TASK STATEMENT: Show every line in the records below that contains the word "Hyundai".

RECORDS TO PROCESS:
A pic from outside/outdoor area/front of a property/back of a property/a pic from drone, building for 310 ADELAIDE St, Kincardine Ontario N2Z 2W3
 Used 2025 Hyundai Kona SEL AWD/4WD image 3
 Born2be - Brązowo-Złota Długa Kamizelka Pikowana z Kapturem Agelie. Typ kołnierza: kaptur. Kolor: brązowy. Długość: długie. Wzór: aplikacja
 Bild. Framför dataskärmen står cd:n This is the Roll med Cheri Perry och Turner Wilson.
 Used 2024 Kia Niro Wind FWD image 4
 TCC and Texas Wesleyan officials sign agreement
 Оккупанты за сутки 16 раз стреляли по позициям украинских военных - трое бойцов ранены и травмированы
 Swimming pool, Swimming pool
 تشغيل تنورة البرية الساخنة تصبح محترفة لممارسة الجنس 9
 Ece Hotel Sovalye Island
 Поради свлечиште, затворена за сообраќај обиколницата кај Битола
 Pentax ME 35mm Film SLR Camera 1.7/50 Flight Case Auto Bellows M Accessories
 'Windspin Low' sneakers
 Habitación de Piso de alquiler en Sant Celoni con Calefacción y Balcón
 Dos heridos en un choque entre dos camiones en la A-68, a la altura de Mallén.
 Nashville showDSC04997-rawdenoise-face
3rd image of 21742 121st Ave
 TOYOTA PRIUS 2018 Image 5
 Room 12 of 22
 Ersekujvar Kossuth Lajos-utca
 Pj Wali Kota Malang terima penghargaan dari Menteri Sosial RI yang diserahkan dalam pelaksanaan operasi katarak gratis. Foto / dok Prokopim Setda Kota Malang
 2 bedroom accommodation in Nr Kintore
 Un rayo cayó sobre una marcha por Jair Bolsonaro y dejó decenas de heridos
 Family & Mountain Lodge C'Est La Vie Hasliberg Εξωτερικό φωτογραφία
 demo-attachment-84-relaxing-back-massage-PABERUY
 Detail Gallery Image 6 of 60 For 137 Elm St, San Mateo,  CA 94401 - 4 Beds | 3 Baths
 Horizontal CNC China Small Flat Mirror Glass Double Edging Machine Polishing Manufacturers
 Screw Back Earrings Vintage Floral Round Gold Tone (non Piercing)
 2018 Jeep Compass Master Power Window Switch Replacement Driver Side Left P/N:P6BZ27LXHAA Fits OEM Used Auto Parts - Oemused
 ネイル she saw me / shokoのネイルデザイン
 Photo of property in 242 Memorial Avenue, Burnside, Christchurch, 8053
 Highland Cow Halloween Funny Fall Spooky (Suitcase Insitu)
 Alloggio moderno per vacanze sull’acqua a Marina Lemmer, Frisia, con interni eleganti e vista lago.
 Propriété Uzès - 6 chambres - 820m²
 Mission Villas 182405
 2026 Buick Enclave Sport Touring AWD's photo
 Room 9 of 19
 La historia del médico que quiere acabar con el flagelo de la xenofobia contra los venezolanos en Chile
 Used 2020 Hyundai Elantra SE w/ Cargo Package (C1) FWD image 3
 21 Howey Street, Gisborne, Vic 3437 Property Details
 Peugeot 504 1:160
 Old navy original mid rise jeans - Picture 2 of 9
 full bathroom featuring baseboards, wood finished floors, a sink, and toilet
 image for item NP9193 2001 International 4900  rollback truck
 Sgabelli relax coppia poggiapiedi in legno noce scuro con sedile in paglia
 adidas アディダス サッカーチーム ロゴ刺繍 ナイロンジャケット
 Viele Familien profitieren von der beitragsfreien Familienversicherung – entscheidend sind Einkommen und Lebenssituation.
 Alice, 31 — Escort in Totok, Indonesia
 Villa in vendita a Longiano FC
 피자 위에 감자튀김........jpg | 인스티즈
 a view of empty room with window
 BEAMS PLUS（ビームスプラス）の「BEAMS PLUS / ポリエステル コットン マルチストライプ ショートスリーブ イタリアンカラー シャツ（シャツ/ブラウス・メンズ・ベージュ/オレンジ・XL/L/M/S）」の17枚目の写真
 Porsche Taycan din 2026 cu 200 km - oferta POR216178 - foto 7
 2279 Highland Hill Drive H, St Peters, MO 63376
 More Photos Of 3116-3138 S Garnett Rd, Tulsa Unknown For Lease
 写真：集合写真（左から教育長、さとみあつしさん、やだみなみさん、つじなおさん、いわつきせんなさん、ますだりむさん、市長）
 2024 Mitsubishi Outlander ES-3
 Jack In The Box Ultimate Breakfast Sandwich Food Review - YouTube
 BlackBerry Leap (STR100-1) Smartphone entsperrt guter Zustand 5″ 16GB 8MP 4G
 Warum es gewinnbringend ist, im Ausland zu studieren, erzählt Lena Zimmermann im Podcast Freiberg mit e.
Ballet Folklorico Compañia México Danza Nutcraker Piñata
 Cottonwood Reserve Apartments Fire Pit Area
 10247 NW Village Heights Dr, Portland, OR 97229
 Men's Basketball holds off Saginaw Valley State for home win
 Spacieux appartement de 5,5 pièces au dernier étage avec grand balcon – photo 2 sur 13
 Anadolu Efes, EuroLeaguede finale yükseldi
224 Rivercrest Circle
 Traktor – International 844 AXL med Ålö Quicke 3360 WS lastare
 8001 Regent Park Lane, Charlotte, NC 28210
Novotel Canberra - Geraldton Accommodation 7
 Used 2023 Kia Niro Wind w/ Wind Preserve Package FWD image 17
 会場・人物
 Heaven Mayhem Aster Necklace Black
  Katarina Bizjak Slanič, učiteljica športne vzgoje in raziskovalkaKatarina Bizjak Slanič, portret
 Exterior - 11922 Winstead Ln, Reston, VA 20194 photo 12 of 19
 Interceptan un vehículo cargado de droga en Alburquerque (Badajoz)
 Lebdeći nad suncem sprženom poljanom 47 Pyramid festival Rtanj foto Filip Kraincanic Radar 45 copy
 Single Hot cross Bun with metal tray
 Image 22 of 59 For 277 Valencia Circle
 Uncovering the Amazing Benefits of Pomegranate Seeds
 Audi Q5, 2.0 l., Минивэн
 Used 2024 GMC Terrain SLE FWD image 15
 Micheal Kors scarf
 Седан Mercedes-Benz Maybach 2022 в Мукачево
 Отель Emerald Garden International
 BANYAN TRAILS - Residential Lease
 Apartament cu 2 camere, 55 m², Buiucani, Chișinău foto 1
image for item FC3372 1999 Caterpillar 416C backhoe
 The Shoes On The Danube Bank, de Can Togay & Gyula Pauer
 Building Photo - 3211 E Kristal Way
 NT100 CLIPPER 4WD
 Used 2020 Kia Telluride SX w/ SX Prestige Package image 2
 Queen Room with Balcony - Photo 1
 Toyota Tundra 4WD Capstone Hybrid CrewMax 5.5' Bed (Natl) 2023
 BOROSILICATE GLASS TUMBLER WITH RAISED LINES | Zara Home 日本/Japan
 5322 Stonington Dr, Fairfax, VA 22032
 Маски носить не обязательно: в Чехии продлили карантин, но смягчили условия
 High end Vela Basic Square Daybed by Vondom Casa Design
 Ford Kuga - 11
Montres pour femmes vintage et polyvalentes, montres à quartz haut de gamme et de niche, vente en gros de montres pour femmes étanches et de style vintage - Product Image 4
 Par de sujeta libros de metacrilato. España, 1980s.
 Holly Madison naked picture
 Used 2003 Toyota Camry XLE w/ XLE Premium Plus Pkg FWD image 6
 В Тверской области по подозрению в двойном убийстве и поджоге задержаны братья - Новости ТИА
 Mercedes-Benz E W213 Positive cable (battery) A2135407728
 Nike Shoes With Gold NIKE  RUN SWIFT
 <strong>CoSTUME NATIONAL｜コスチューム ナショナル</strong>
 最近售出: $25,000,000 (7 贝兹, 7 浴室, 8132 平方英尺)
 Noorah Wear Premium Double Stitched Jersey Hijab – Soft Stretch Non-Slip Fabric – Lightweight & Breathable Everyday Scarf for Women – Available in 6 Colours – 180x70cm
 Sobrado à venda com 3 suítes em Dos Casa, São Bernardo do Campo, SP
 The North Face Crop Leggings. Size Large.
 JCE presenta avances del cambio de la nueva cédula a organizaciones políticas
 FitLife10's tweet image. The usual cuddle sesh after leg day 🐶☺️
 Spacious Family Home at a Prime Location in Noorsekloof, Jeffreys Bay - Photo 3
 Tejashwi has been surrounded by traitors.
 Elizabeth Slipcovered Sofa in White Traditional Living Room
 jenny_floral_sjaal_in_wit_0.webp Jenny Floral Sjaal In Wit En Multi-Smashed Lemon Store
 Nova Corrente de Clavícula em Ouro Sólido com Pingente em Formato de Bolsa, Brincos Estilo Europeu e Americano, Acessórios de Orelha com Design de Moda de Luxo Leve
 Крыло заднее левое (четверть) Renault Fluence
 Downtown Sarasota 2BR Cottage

FINISHED EXERCISE:
 Used 2025 Hyundai Kona SEL AWD/4WD image 3
 Used 2020 Hyundai Elantra SE w/ Cargo Package (C1) FWD image 3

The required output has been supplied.